---
name: map-stack
description: >
  Map an entire tech stack across multiple codebases/services. Shows how services 
  relate — API calls, shared databases, message queues, shared libraries, deployment 
  topology. Use when you need to understand how multiple repos/services fit together.
argument-hint: "[parent-directory-or-service-list]"
user-invocable: true
context: fork
agent: cartographer
model: claude-opus-4-6
effort: max
allowed-tools:
  - Read(*)
  - Grep(*)
  - Glob(*)
  - Bash(graphify *)
  - Bash(repomix *)
  - Bash(find *)
  - Bash(git *)
  - Bash(wc *)
  - Bash(head *)
  - Bash(ls *)
  - Bash(cat *)
---

## Target

$ARGUMENTS

If no target specified, scan the current directory for subdirectories that look like services (contain package.json, pom.xml, go.mod, Cargo.toml, requirements.txt, Dockerfile, etc.).

## Mode: Multi-Codebase Stack Mapping

This is NOT a single-repo mapping. You are mapping an entire tech stack — multiple services, how they connect, and the system-level architecture.

## Project context

!`cat CLAUDE.md 2>/dev/null || echo "No CLAUDE.md found"`

## Prior codebase maps (from /map-codebase runs)

!`cat uv-out/map-codebase.md 2>/dev/null | head -80 || echo "No prior codebase map — will scan from scratch"`

## Discover services

```!
find . -maxdepth 3 \( -name "package.json" -o -name "pom.xml" -o -name "go.mod" -o -name "Cargo.toml" -o -name "requirements.txt" -o -name "setup.py" -o -name "pyproject.toml" \) -not -path "*/node_modules/*" -not -path "*/.git/*" 2>/dev/null | head -30
```

## Dockerfiles and compose

```!
find . -maxdepth 3 \( -name "Dockerfile" -o -name "docker-compose*" \) -not -path "*/node_modules/*" 2>/dev/null | head -20
```

## Infrastructure (Helm, Terraform, K8s)

```!
find . -maxdepth 4 \( -name "*.tf" -o -name "Chart.yaml" -o -name "values.yaml" -o -name "*.k8s.yaml" -o -name "kustomization.yaml" \) -not -path "*/node_modules/*" 2>/dev/null | head -20
```

## API contracts (OpenAPI, gRPC, GraphQL)

```!
find . -maxdepth 4 \( -name "*.proto" -o -name "openapi*" -o -name "swagger*" -o -name "*.graphql" -o -name "schema.graphql" \) -not -path "*/node_modules/*" 2>/dev/null | head -20
```

## Process

Follow this sequence:

### 1. Inventory every service
For each directory that contains a build file, identify:
- Service name
- Language / framework
- What it does (from README, main entry point, or package description)
- How it's deployed (Docker, K8s, serverless)

### 2. Map connections BETWEEN services
This is the hard part.
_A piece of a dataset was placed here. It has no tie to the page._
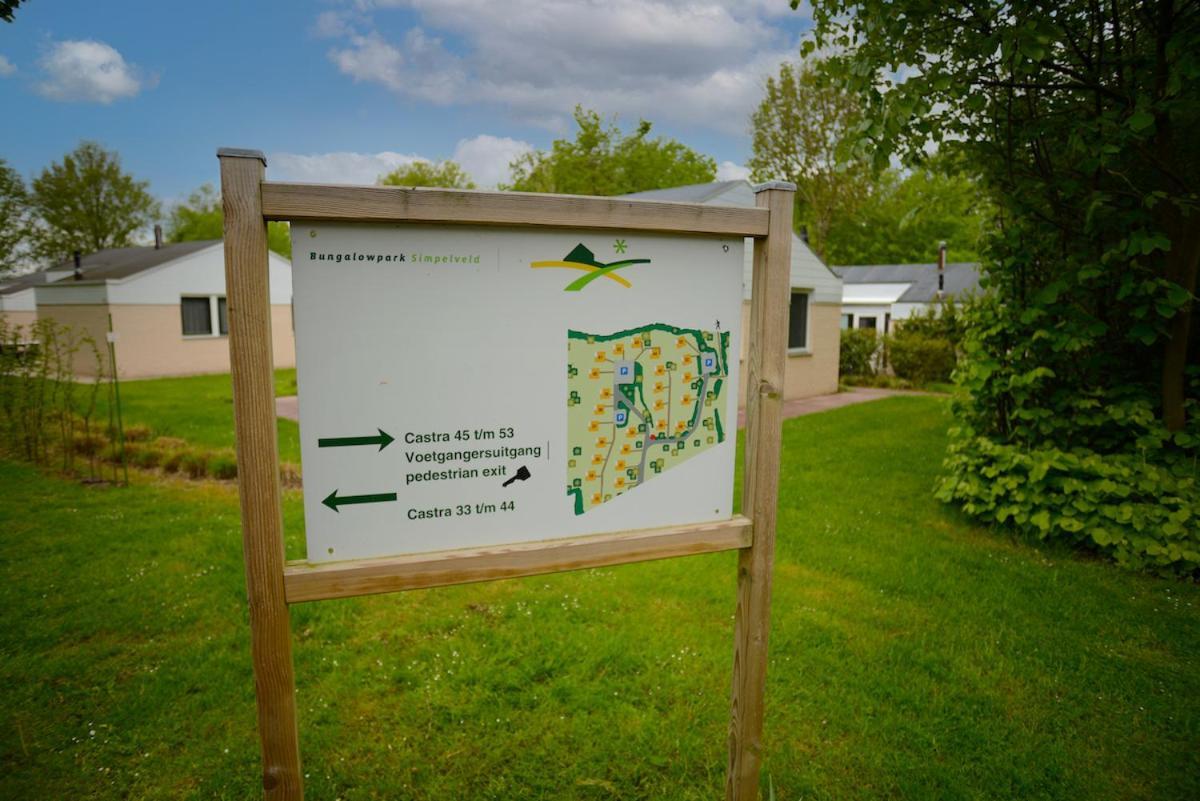 Holiday home Zuid Limburg Simpelveld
Look for:
- **HTTP/REST calls** — grep for base URLs, API client configs, fetch/axios calls referencing other services
- **gRPC/Protobuf** — shared .proto files, client stubs
- **Message queues** — Kafka topics, RabbitMQ queues, SQS queues referenced across services
- **Shared databases** — same DB connection strings or schema references across services
- **Shared libraries** — internal packages imported by multiple services
- **Environment variables** — service URLs configured via env vars (SERVICE_A_URL, etc.)
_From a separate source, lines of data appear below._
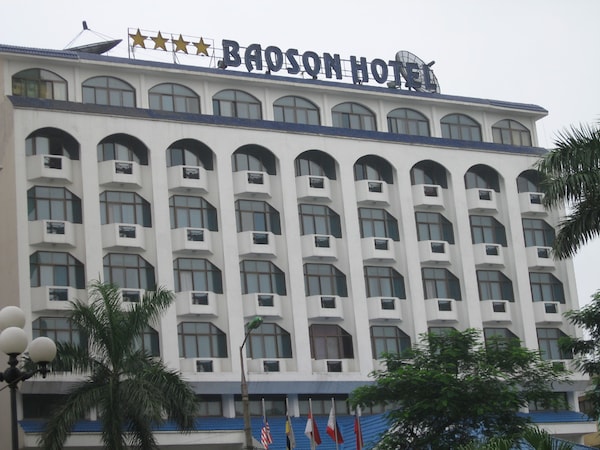 Hotel Bao Son International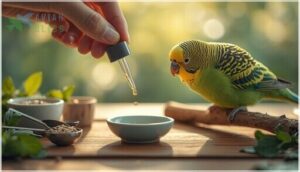 starting with small doses starting with small doses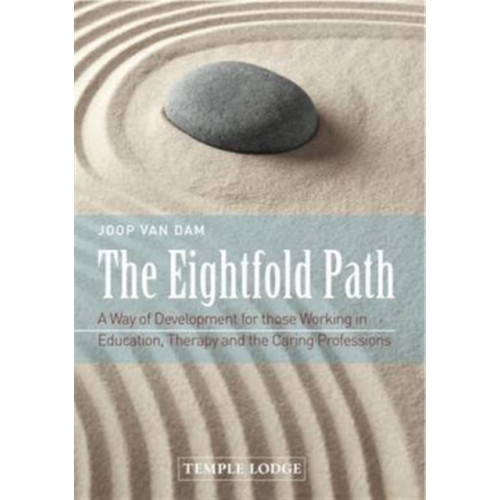 Temple Lodge Publishing The Eightfold Path (häftad, eng)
### 3. Identify the data flow
- Where does data enter the system? (API gateway, webhook, user upload)
- How does it flow through services?
- Where does it end up? (database, external API, user response)

### 4. Produce the stack map

Output a **System Architecture Diagram** (Mermaid) showing:
- Every service as a node
- Connections between them (labeled: REST, gRPC, Kafka, shared DB, etc.)
- External dependencies (third-party APIs, managed services)
- Data stores (databases, caches, queues)

Then a **Stack Inventory Table**:

| Service | Language | Framework | Database | Deploys to | Depends on | Depended on by |
|---------|----------|-----------|----------|------------|------------|----------------|

Then a **Connection Matrix** showing which services talk to which:

| | Service A | Service B | Service C | DB-1 | Kafka |
|---|-----------|-----------|-----------|------|-------|
| Service A | — | REST | — | R/W | produce |
| Service B | — | — | gRPC | R | consume |

Then **Danger Zones** at the stack level:
- Single points of failure
- Services with the most inbound dependencies (change carefully)
- Shared databases (schema changes affect multiple services)
- Missing monitoring or health checks

### 5. If Graphify is available
Run `graphify run [parent-dir] --directed` on the entire parent directory to get a unified knowledge graph across all services. The graph will show cross-service relationships that are hard to find manually.